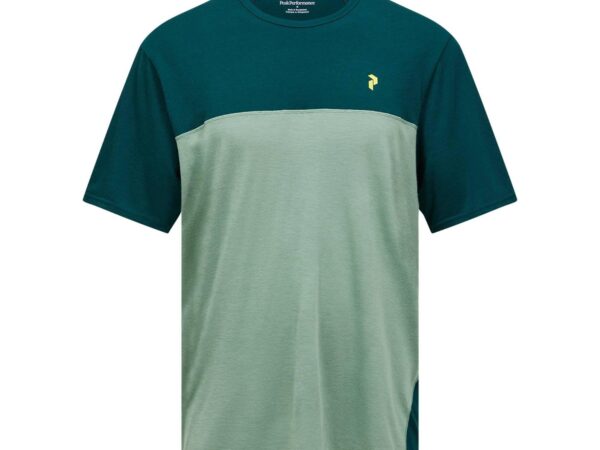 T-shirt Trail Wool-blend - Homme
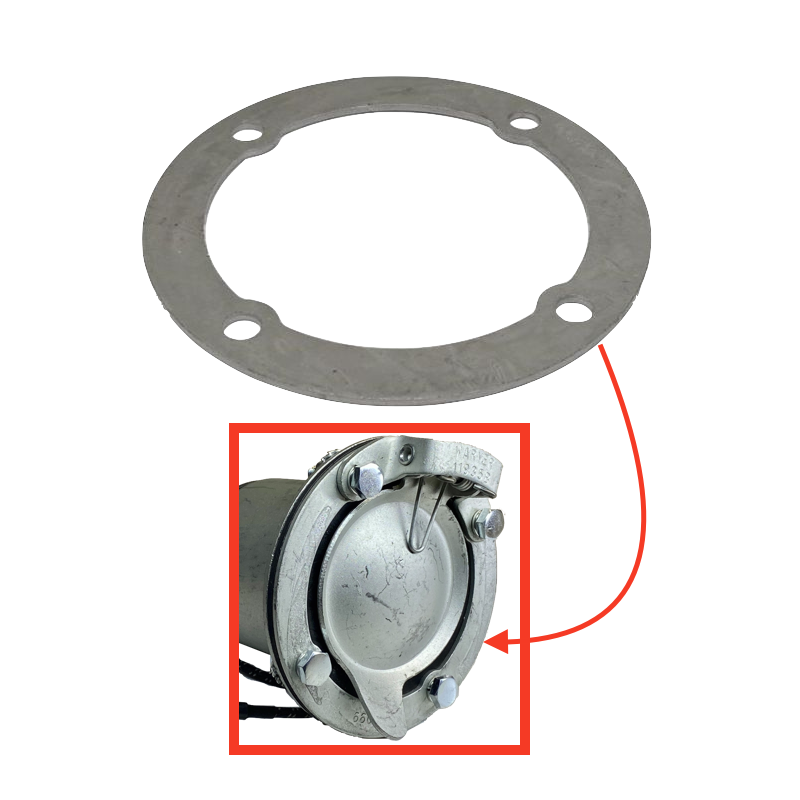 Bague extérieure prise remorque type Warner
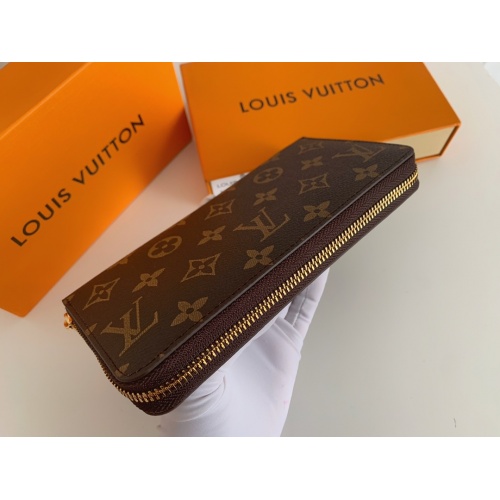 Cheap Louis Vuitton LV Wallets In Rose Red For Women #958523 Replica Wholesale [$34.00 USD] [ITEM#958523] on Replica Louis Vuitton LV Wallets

### Task prompt
Drop the images and return the data verbatim.

### Answer below
 T-shirt Trail Wool-blend - Homme
 Bague extérieure prise remorque type Warner
 Cheap Louis Vuitton LV Wallets In Rose Red For Women #958523 Replica Wholesale [$34.00 USD] [ITEM#958523] on Replica Louis Vuitton LV Wallets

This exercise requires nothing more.